Your goal: Wherever pictures occur in the entries below, leave them out and retype the rest exactly.

Recorded information:
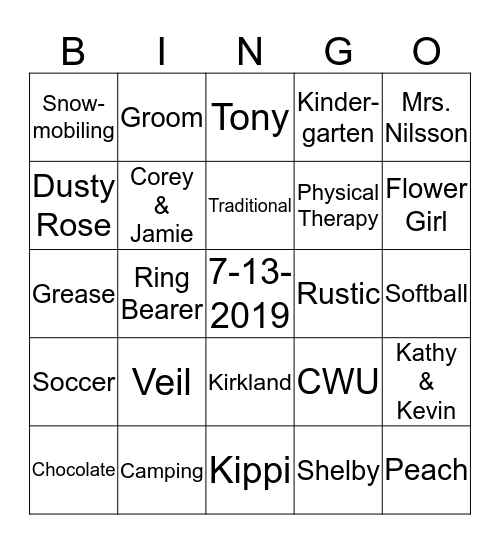 Rachel's Bridal Bingo Card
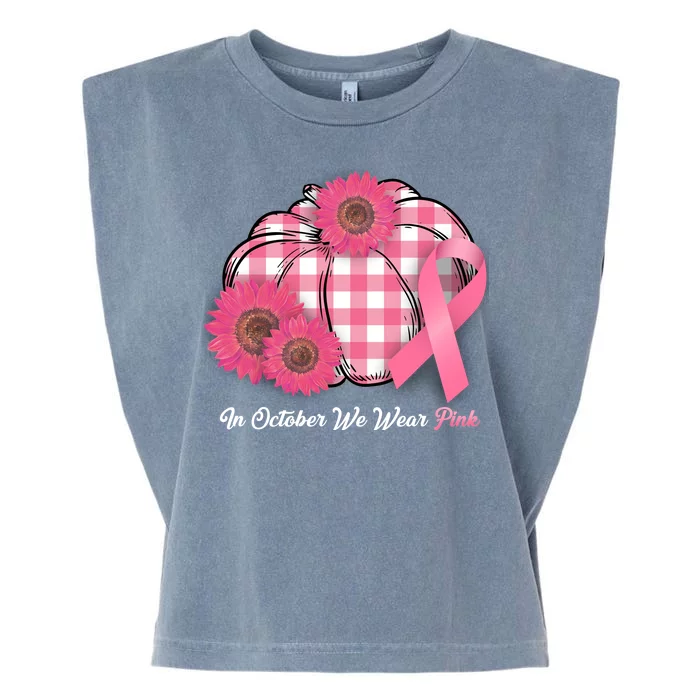 In October We Wear Pink Pumpkin Breast Cancer Plaid Garment-Dyed Women's Muscle Tee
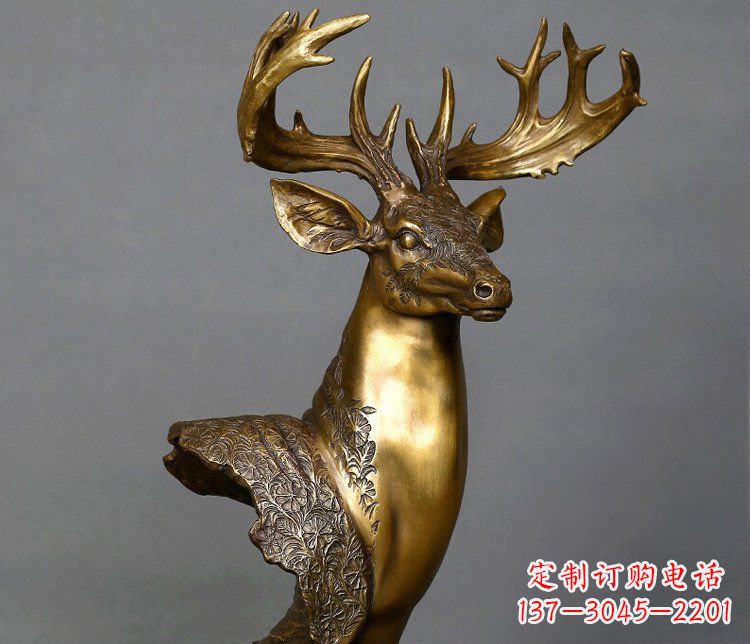 福州铜雕如意铜鹿头摆件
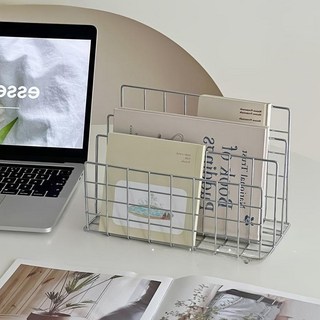 철제 와이어 3단 북유럽 감성 책꽂이 잡지 정리함, 실버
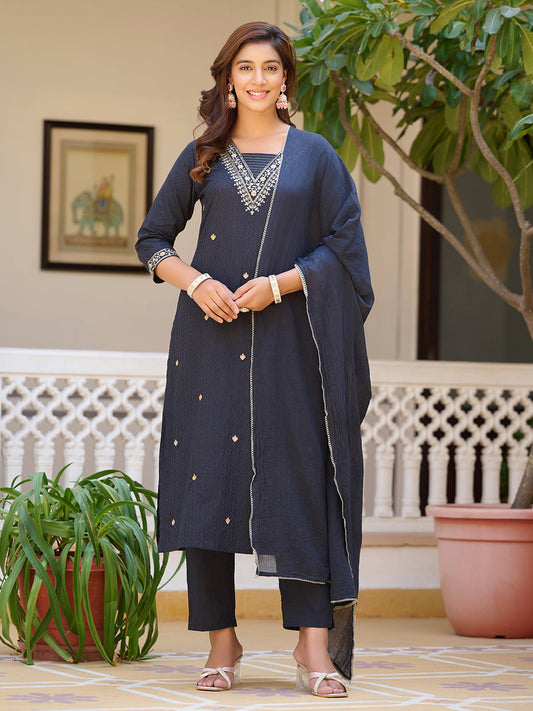 Sequined & Zari Embroidered Kurta With Pant & Dupatta, Navy Blue - Hiral Fashion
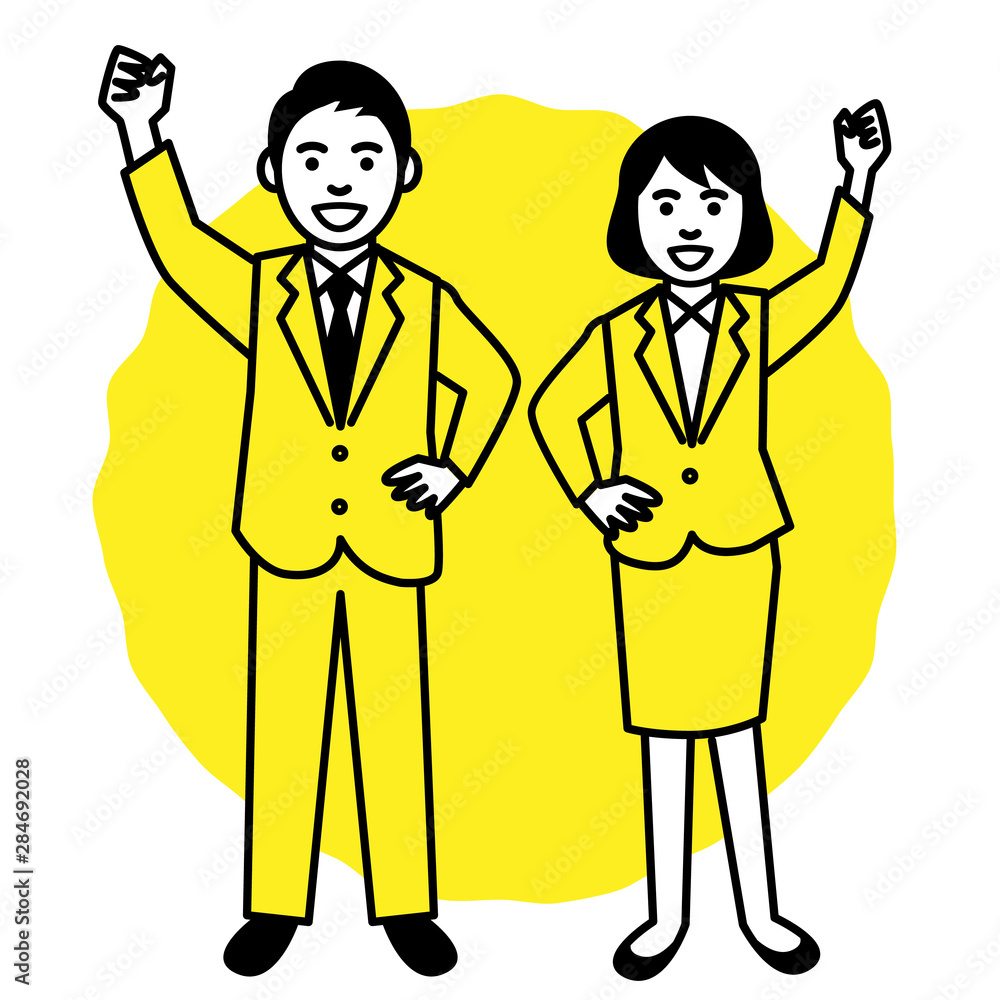 Business man and woman with round frame on white background. Vector illustration. Business man and woman with round frame on white background. Vector illustration.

Output of the task:
 Rachel's Bridal Bingo Card
 In October We Wear Pink Pumpkin Breast Cancer Plaid Garment-Dyed Women's Muscle Tee
 福州铜雕如意铜鹿头摆件
 철제 와이어 3단 북유럽 감성 책꽂이 잡지 정리함, 실버
 Sequined & Zari Embroidered Kurta With Pant & Dupatta, Navy Blue - Hiral Fashion
 Business man and woman with round frame on white background. Vector illustration. Business man and woman with round frame on white background. Vector illustration.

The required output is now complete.